ASSIGNMENT
Each line from the one with "Vince Colette High-Waist" through the end of the records below should be transcribed exactly, and each picture should be skipped.

START THE DATA

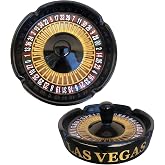 Casino Roulette Wheel Ashtray, 5 Inch Round Ceramic, Las Vegas Novelty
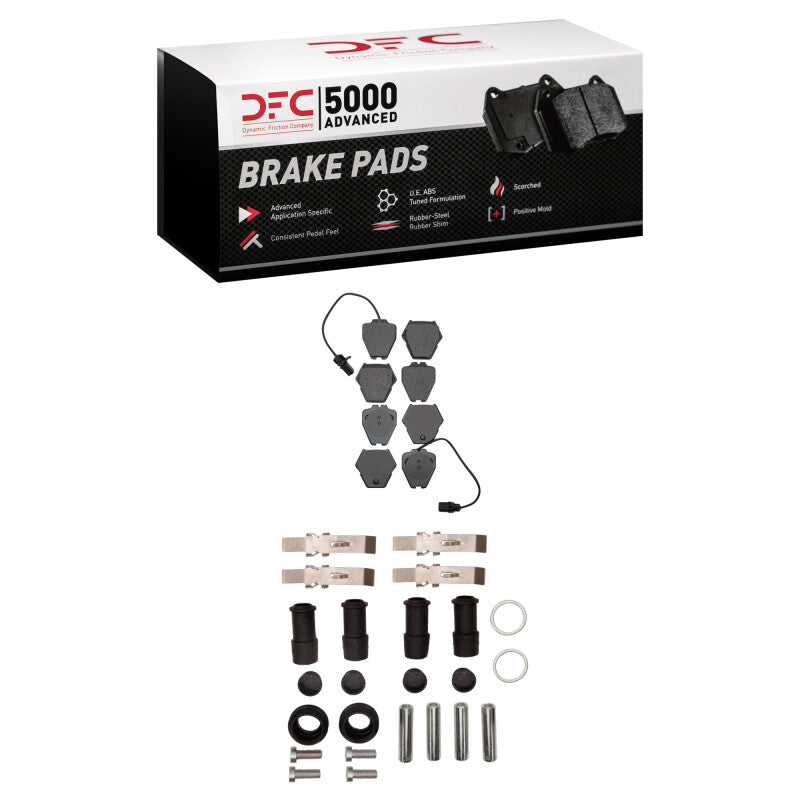 DFC 99-05 Audi S4 Front 5000 Advanced Low Metallic Brake Pads and Hardware Kit
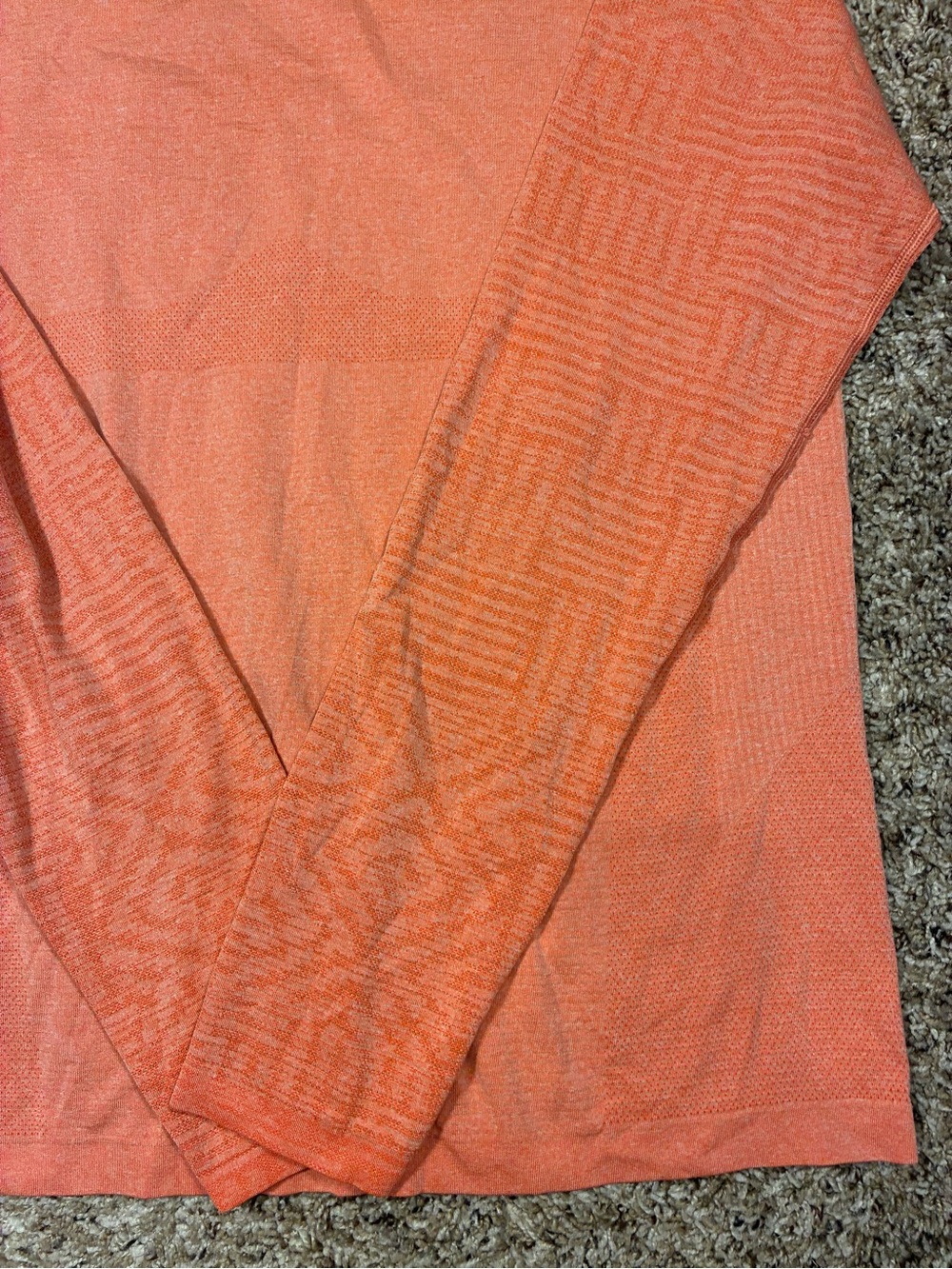 Lululemon Mens Metal Vent Tech Long Sleeve Tee Heathered Duck Sauce - Picture 5 of 15
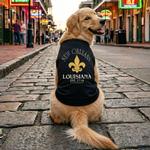 New Orleans LA Dog Shirt - Jet Black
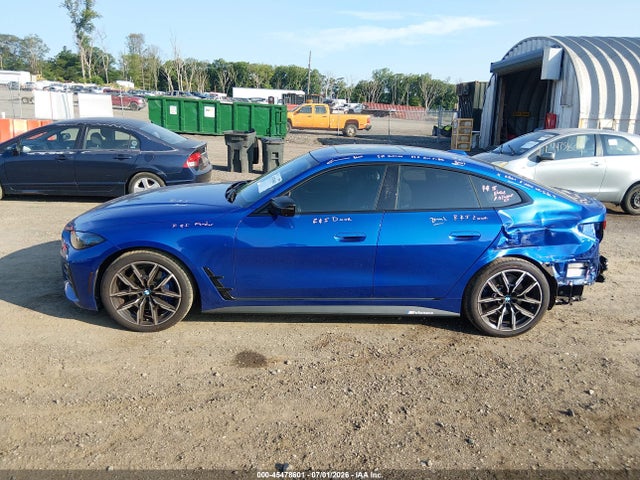 2025 Bmw I4 Gran Coupe Xdrive40 მანქანა იყიდება აუქციონზე, vin: WBY43HD06SFU33046, აუქციონის ნომერი: 45478601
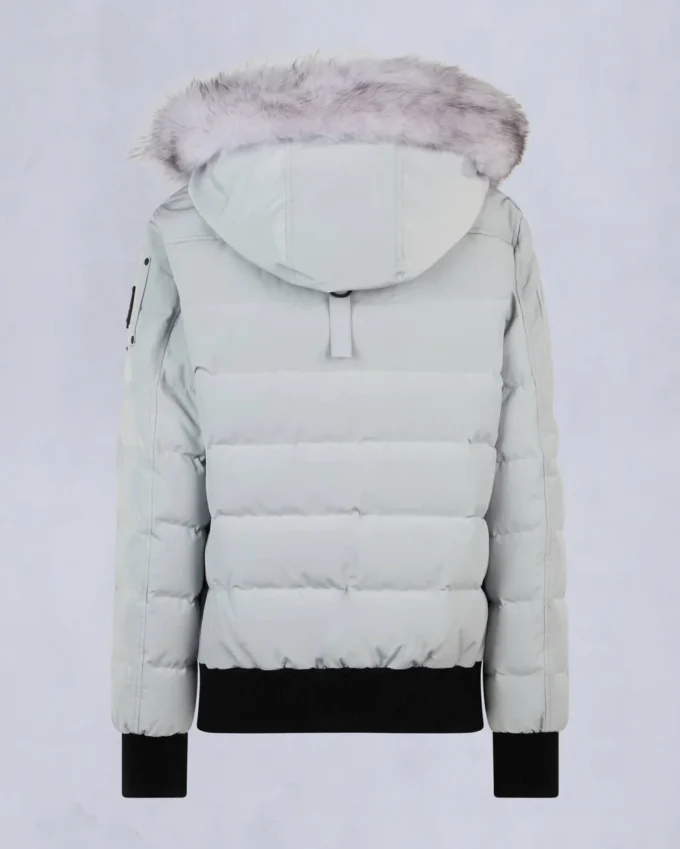 Onyx Ladriere Shearling Bomber Jacket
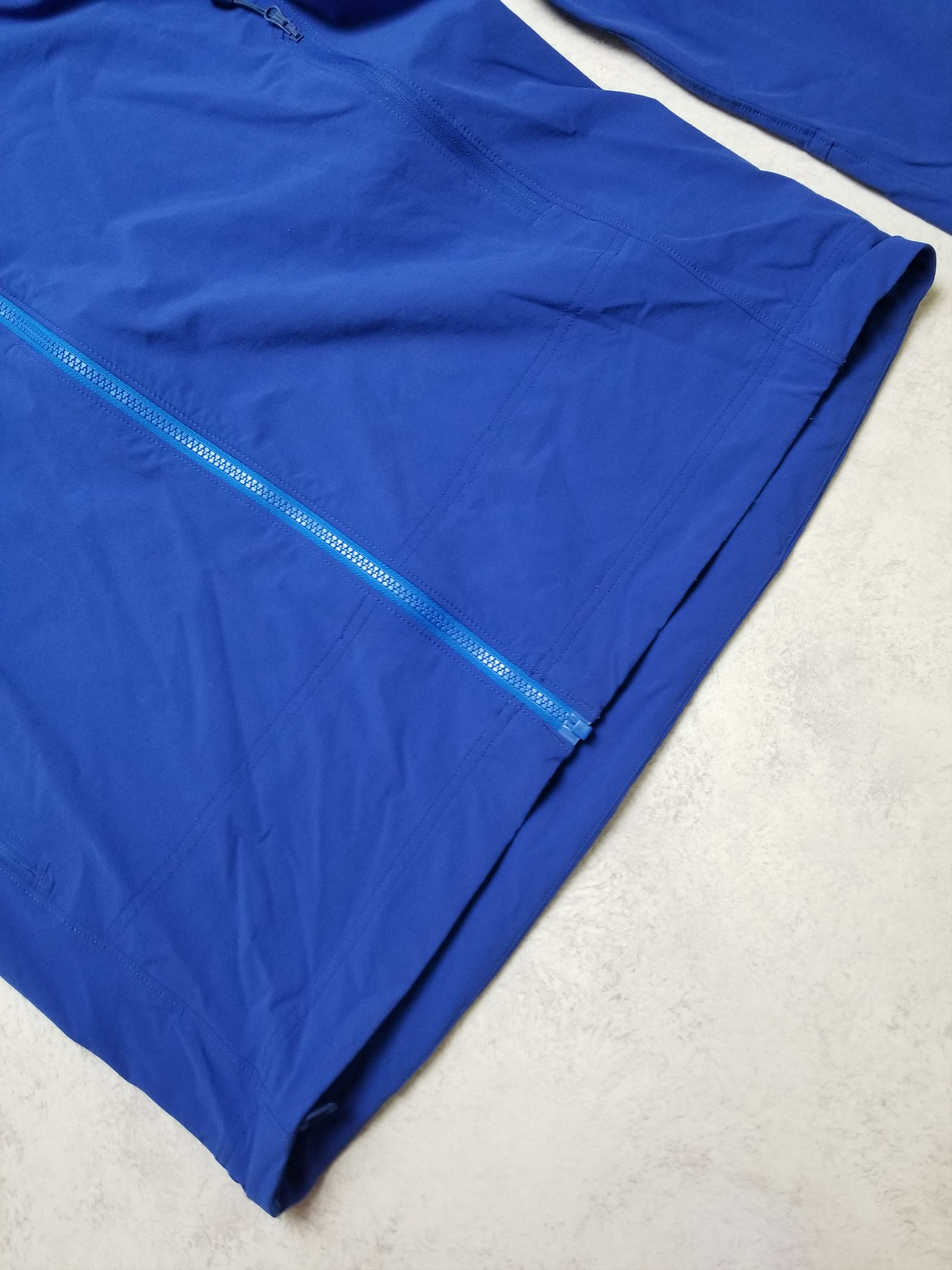Mountain Equipment Company Mountain Hardwear Lightweight Blue Softshell Packable Jacket Size US L / EU 52-54 / 3 - 9 Thumbnail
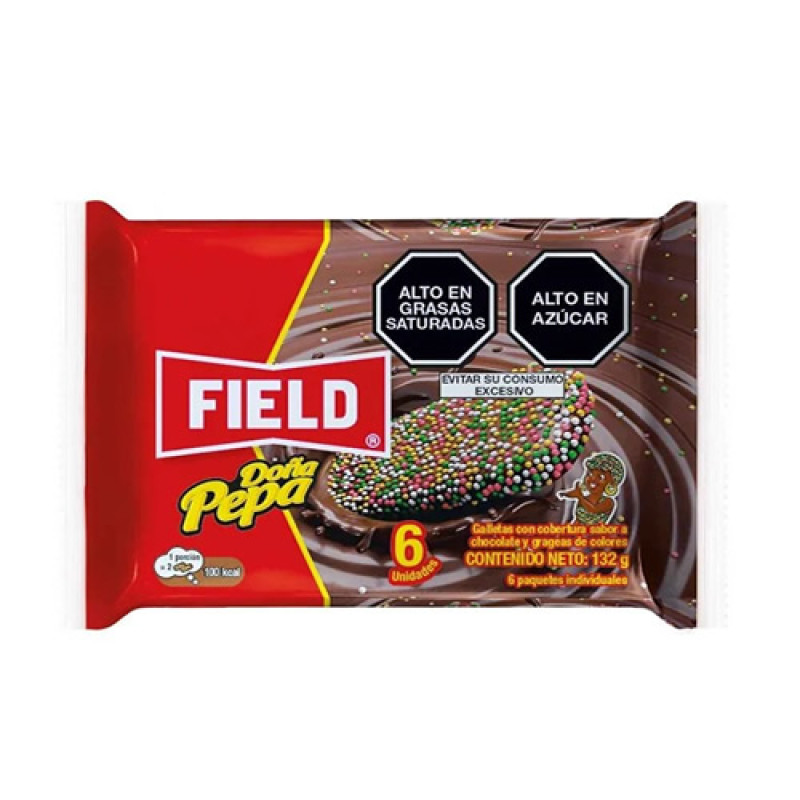 DOÑA PEPA - PERUVIAN CHOCOLATE NOUGAT ( TURRON ) ,  BAG X 6 UNITS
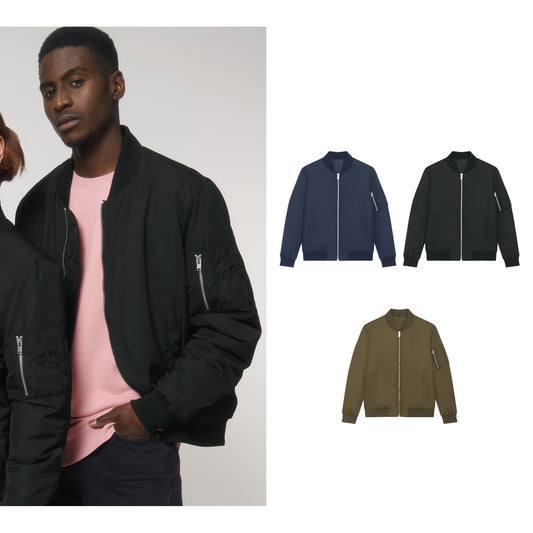 Stanley/Stella Bomber jacket with metal details (STJU844)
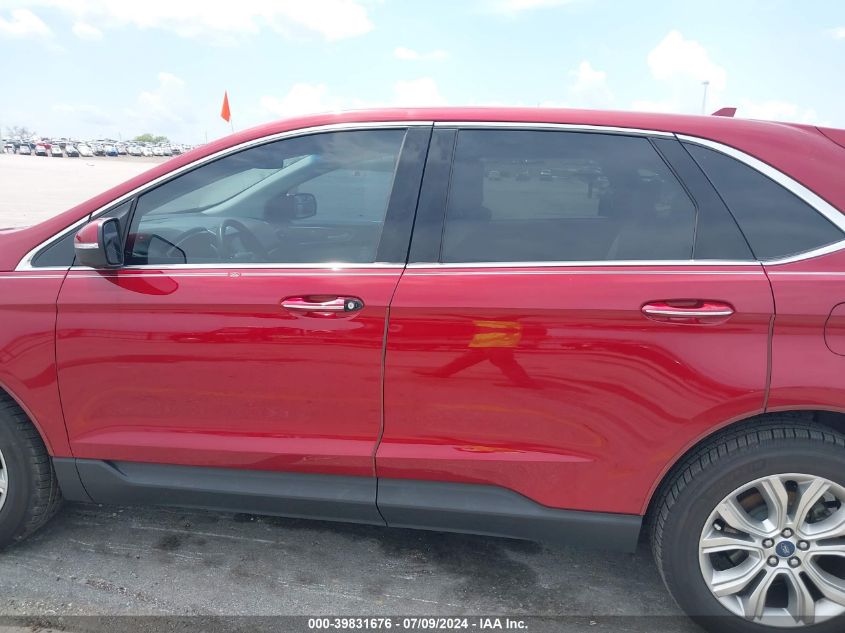 2019 Ford Edge Titanium VIN: 2FMPK3K92KBB26671 Lot: 39831676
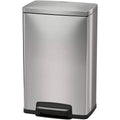 Stainless steel 13-gallon kitchen trash can with step lid by HomePacific, featuring a sleek, modern design and easy foot operation.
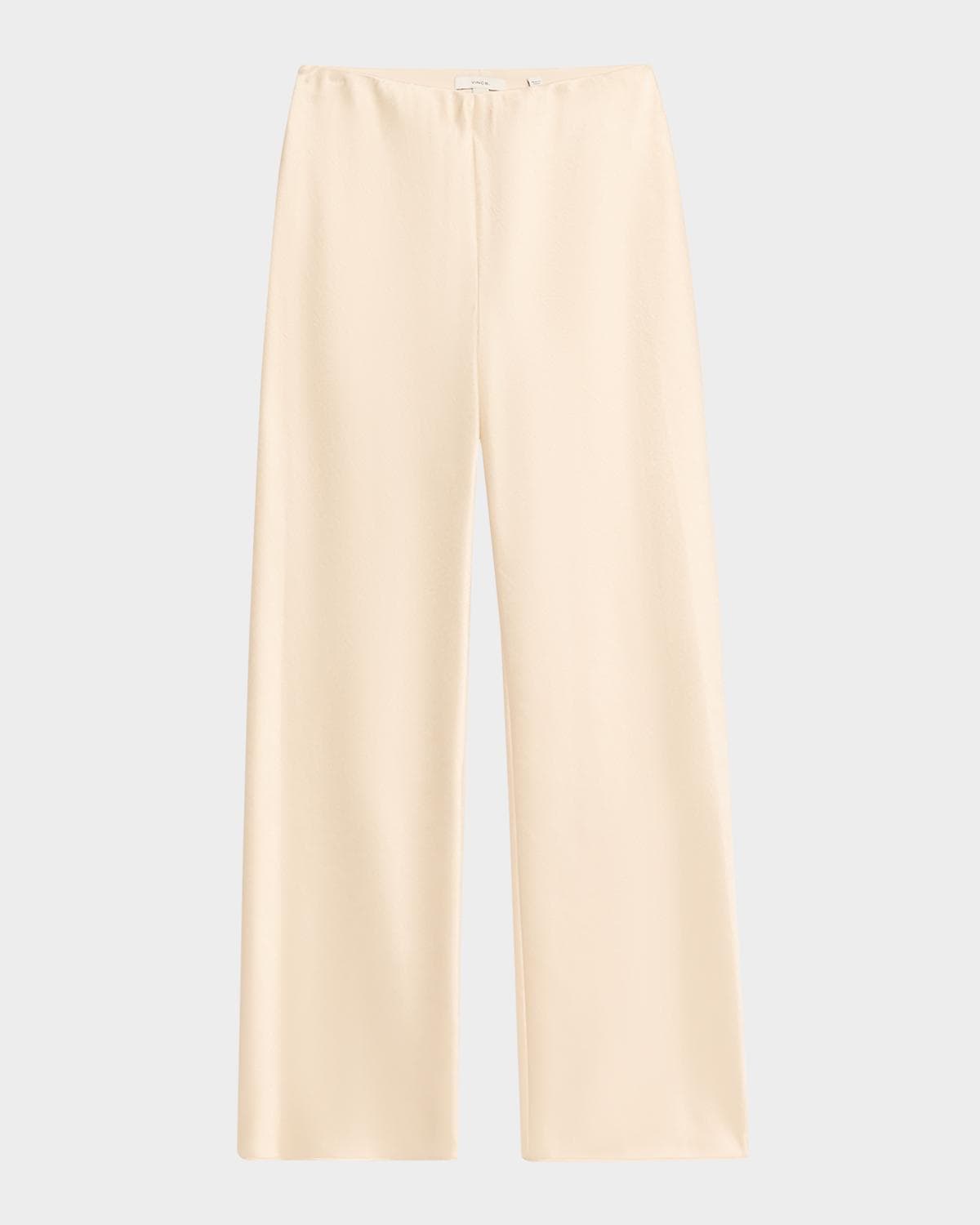 Vince Colette High-Waist Fluid Satin Bias Pants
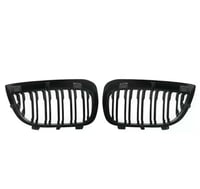 Image 3 of BMW 1 SERIES E87 DOUBLE SPOKE M KIDNEY GRILLES GLOSS BLACK 2004-2011 M SPORT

END THE DATA

RESULT FOR THIS EXERCISE
 Vince Colette High-Waist Fluid Satin Bias Pants
 Image 3 of BMW 1 SERIES E87 DOUBLE SPOKE M KIDNEY GRILLES GLOSS BLACK 2004-2011 M SPORT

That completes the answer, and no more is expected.